--- START ---

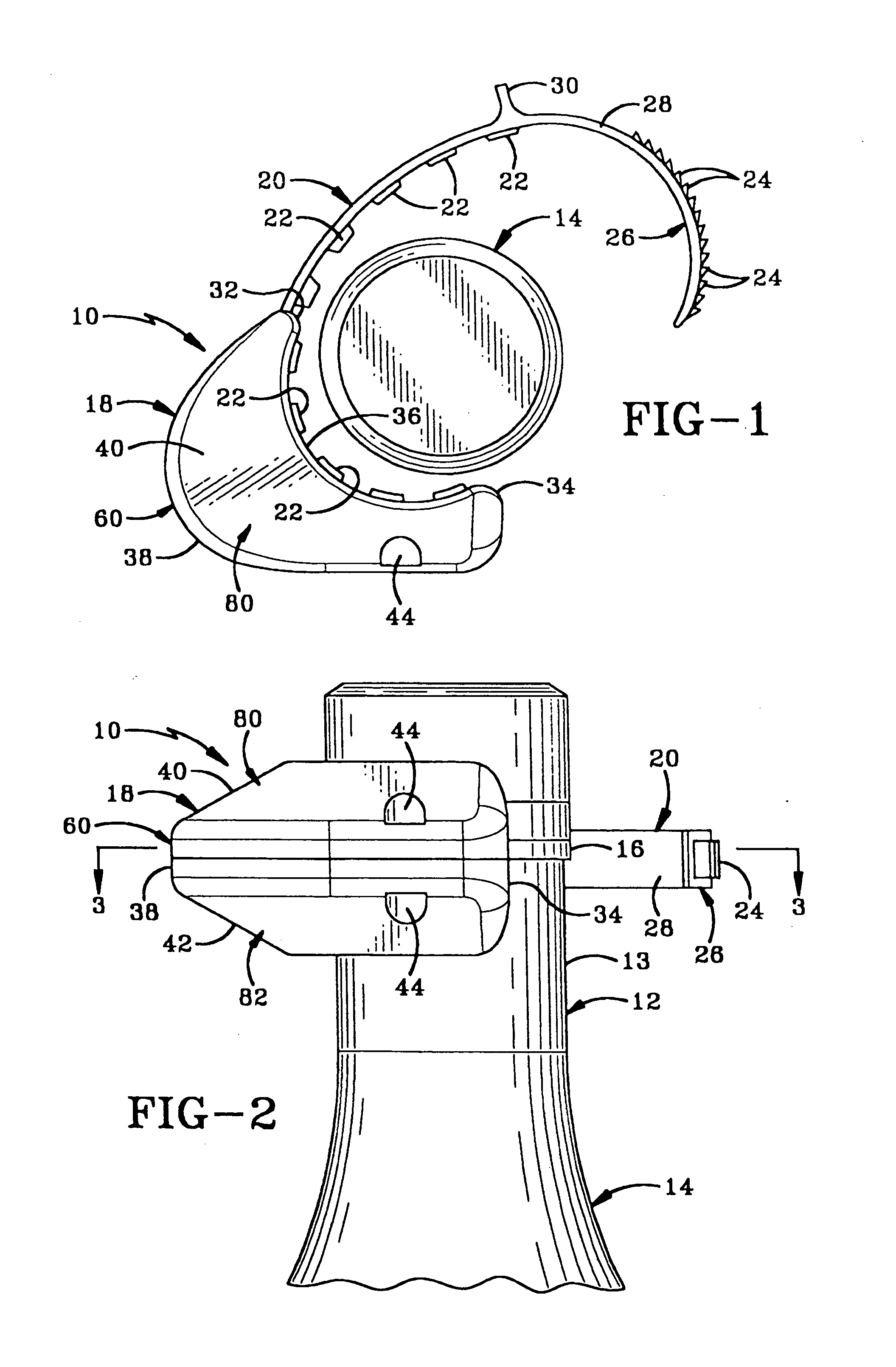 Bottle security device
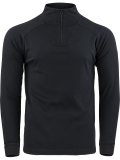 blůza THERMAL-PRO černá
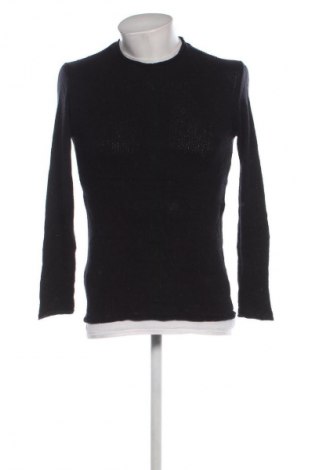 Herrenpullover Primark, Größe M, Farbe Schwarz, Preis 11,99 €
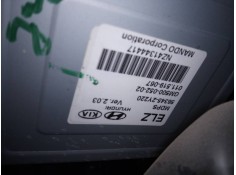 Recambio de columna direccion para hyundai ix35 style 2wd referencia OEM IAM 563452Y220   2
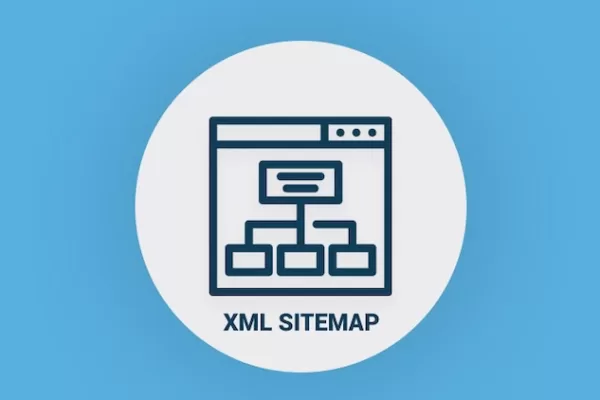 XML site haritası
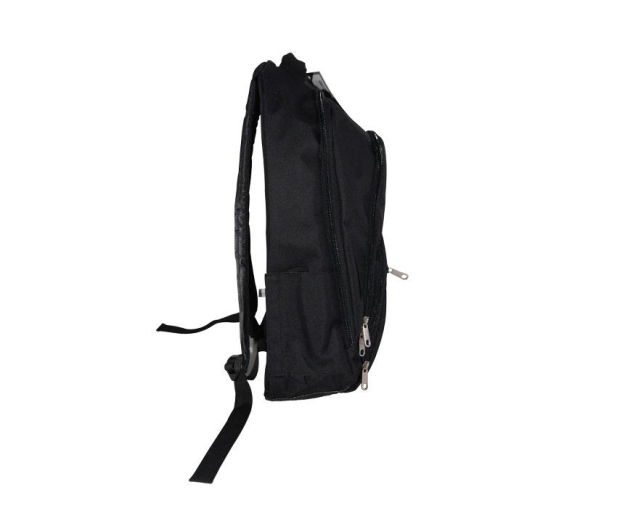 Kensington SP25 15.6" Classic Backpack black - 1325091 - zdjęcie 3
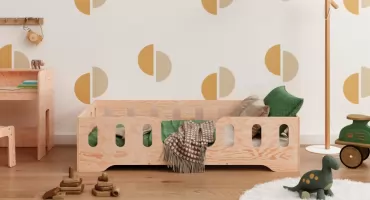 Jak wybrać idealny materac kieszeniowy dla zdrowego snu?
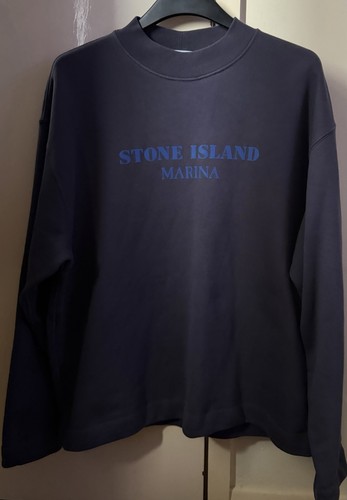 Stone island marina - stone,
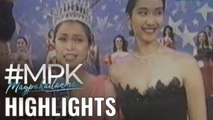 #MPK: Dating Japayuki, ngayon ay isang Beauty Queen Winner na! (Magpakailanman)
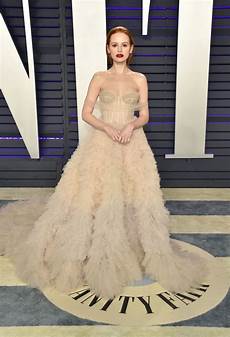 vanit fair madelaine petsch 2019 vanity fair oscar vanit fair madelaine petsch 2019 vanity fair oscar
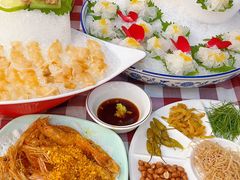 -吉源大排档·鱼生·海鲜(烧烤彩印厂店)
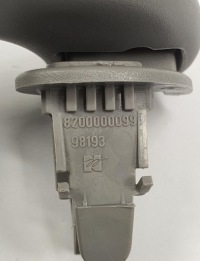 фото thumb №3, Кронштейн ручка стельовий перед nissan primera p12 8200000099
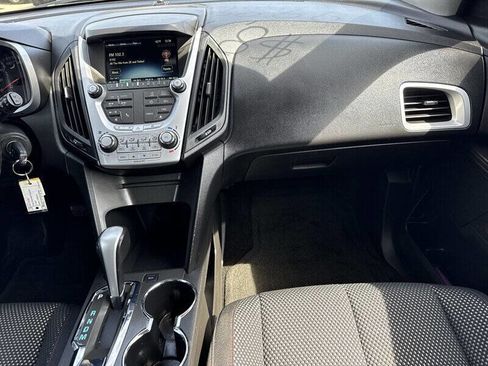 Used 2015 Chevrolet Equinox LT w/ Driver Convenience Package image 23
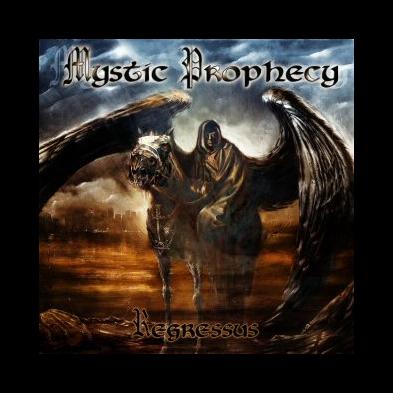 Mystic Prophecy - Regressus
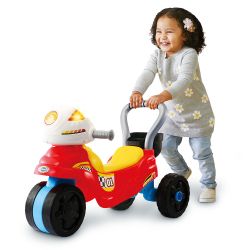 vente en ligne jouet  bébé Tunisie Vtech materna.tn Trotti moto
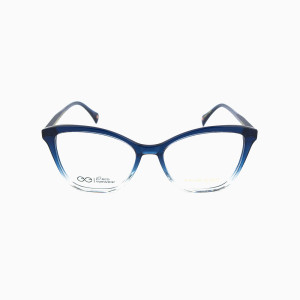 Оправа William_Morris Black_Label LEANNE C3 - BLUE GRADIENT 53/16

--- END ---
--- START ---

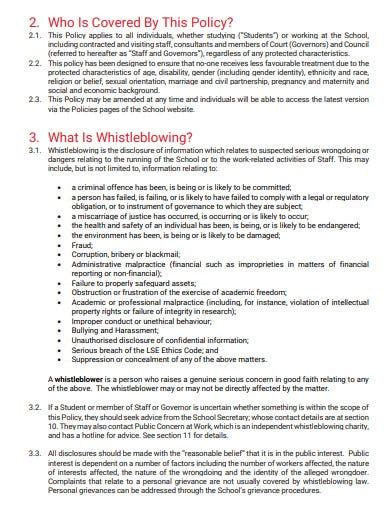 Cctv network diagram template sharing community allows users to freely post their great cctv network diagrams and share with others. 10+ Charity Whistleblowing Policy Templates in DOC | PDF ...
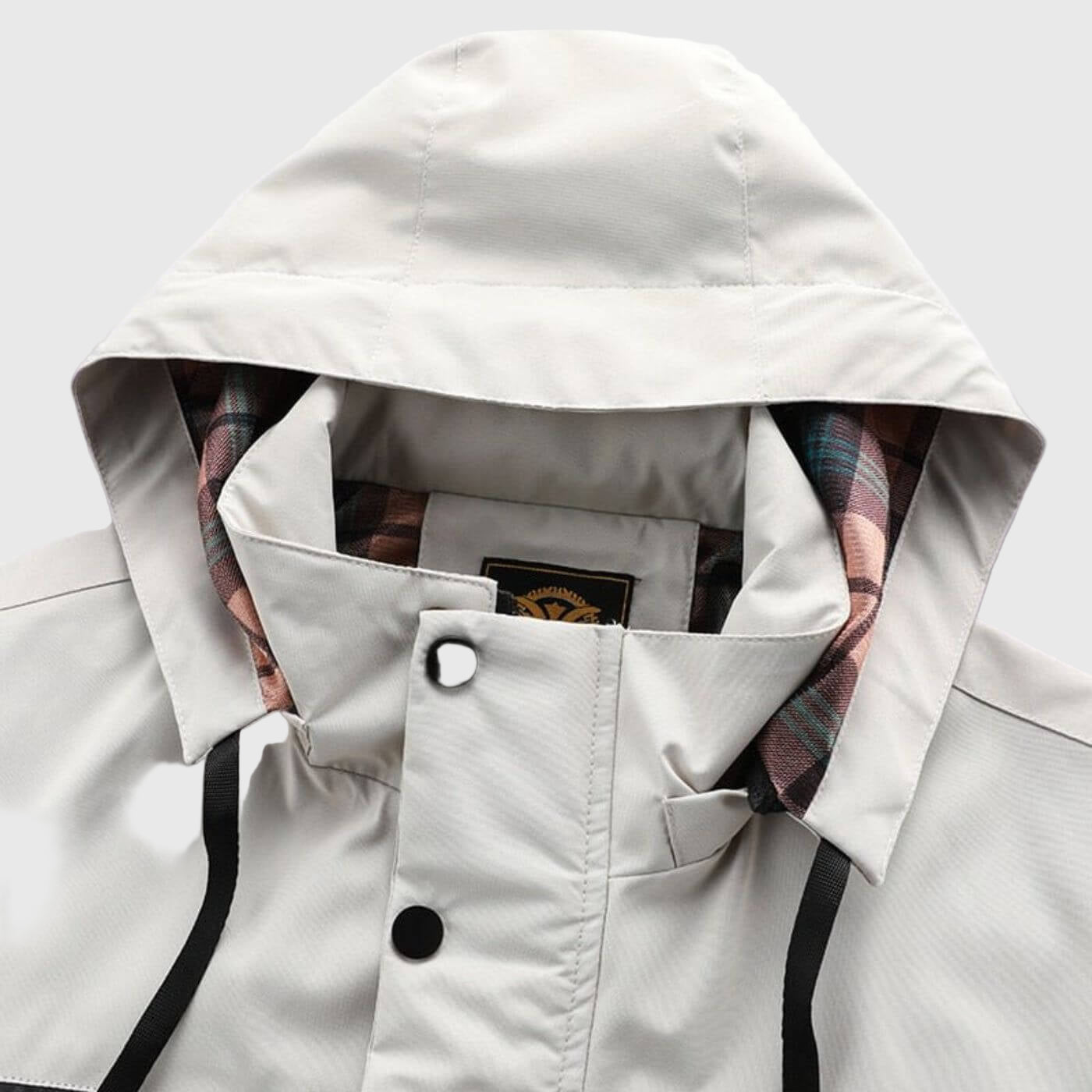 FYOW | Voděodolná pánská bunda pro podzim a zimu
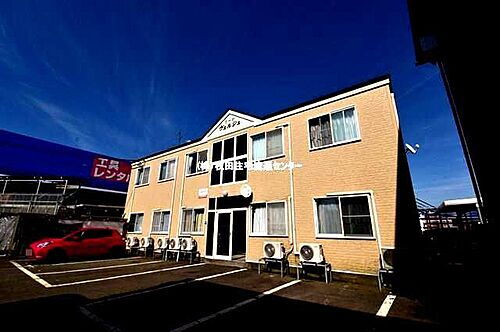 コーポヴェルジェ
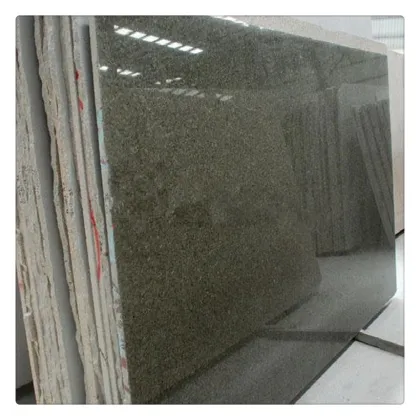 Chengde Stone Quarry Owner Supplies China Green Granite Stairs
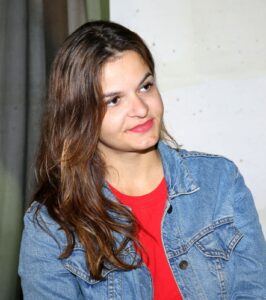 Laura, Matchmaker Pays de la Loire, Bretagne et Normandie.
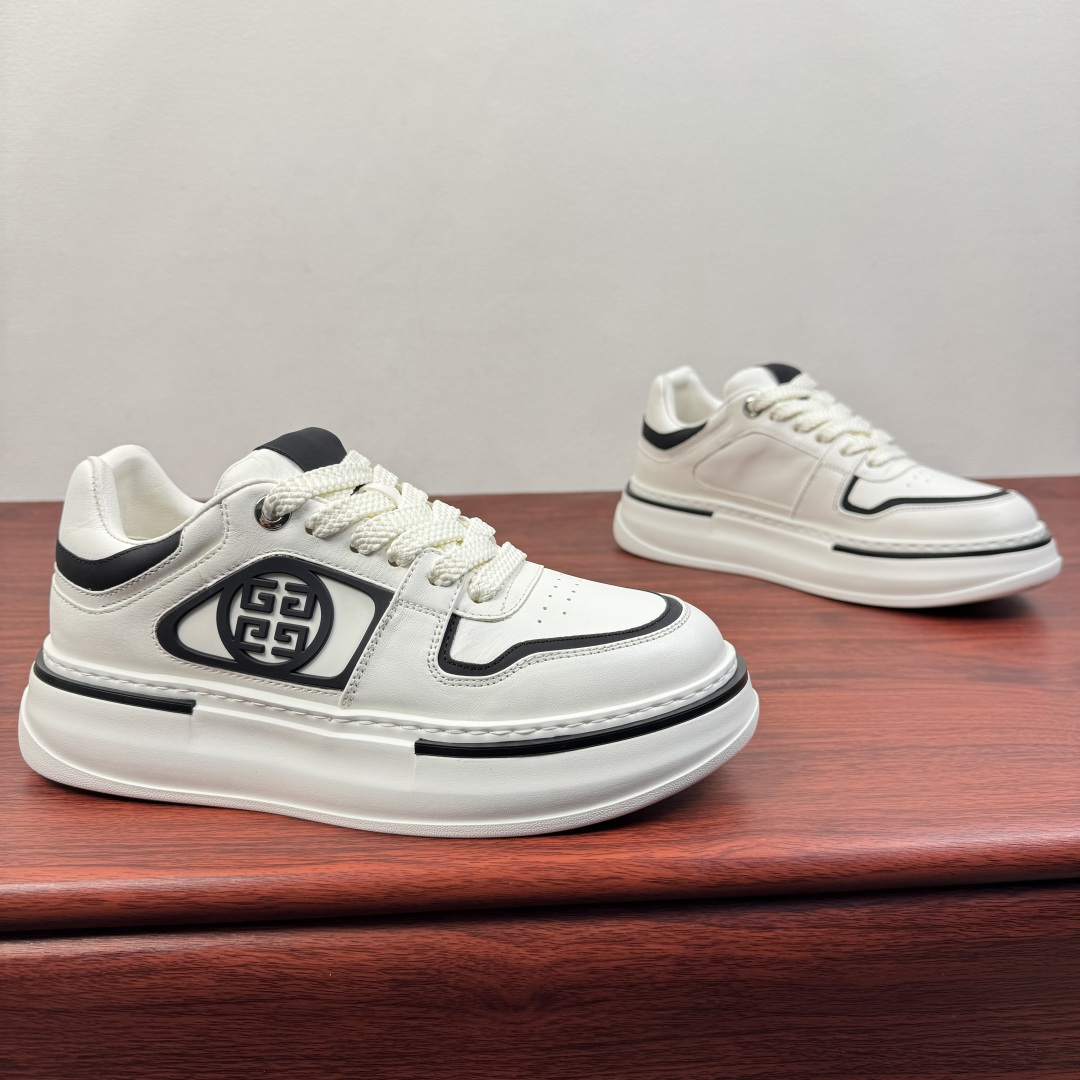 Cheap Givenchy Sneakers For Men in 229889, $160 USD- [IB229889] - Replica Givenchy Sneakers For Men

--- END ---
--- START ---

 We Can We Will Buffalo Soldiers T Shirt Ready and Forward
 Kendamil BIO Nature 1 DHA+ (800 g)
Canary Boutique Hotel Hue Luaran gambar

--- END ---

• What needs to be done
Once the line with "-吉源大排档·鱼生·海鲜(烧烤彩印厂店)" has been found above, output that line and every later line exactly, stopping after the line with "Оправа William_Morris Black_Label", and omit the pictures.

• Task result
 -吉源大排档·鱼生·海鲜(烧烤彩印厂店)
 фото thumb №3, Кронштейн ручка стельовий перед nissan primera p12 8200000099
 Used 2015 Chevrolet Equinox LT w/ Driver Convenience Package image 23
 Mystic Prophecy - Regressus
 vente en ligne jouet  bébé Tunisie Vtech materna.tn Trotti moto
 Оправа William_Morris Black_Label LEANNE C3 - BLUE GRADIENT 53/16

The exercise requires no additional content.